Geo Week News

April 22, 2011

3D as a compliance engine

There’s nothing better for a burgeoning technology than for that technology to become a mandated piece of a larger process. To that end, I found a great article in Electric Light & Power from Paul Richardson of Network Mapping, advocating for airborne lidar as a compliance tool for the North American Reliability Council’s reliability standard FAC-003. 

His argument, and it makes sense to me, is that if power companies are going to have to deliver a vegetation management plan for their powerlines, there aren’t many better and more efficient ways of documenting vegetation along the lines than airborne lidar.

Essentially, this FAC-003 works to avoid any vegetation-induced outages: vegetation growing into lines and interfering, or vegetation falling down onto the lines and knocking out power. The latter is something we know well here in New England, thanks to copious amounts of heavy snow knocking down tree branches left and right (one of the best things about heating with a wood stove? Power outages mean frying stuff up on the wood stove, which the kids get a kick out of). 
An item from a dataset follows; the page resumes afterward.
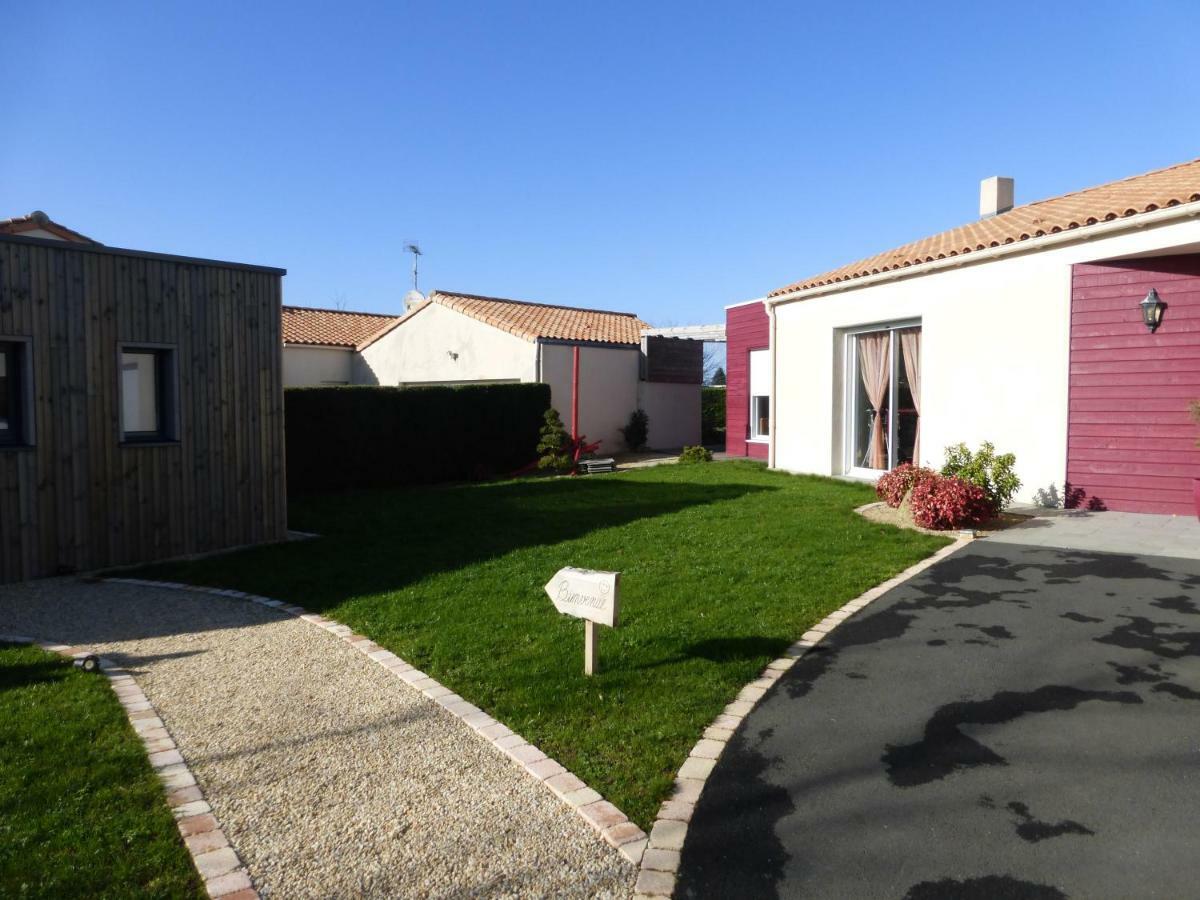 La Cabane Du Bonheur Les Herbiers Exterior foto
So, FAC-003 forces power companies to come up with something called a TVMP (transmission vegetation management program), part of which is a schedule of rights-of-way inspections. As you might imagine, this has a fair number of transmission line owners freaking out – how do they go about inspecting miles and miles of right of way in any sort of efficient fashion?

Well, yeah, aerial lidar:

Aerial LiDAR technology has been applied extensively to electrical transmission capturing towers, conductors, vegetation and other objects within the right-of-way, as well as the terrain. An operator prepares the 3-D point cloud by classifying objects within the dataset. The classified dataset is used to build a 3-D engineering model of the line within PLS-CADD, including structural representations of the towers and conductors. The model is attributed with information pertinent to compliance with FAC-003. The line voltage is entered for each circuit together with the clearance distances required between the conductor and classified objects. The temperature of conductors for each span at the time of flight is calculated to IEEE standard 738 with in-flight meteorological data, ground weather station data and line load data. The conductors can be sagged to their maximum operating temperature and the infringement distances determined at this position. Weather cases can be defined so that vegetation clearance reports produced from the model include the effect of wind velocity on conductor blowout. 

Richardson says he can typically survey 100km a day and since he’s in the air, terrain isn’t a problem. That all sounds great, right?

Well, GeoCue’s Lewis Graham does make the point that there might some push back from operators on utilizing lidar like this on a regular basis. He estimates the annual spend on lidar would have to be something like $675 million.

Still, that’s the power companies’ problem, not the surveyors’. For now, it represents a pretty sizable opportunity.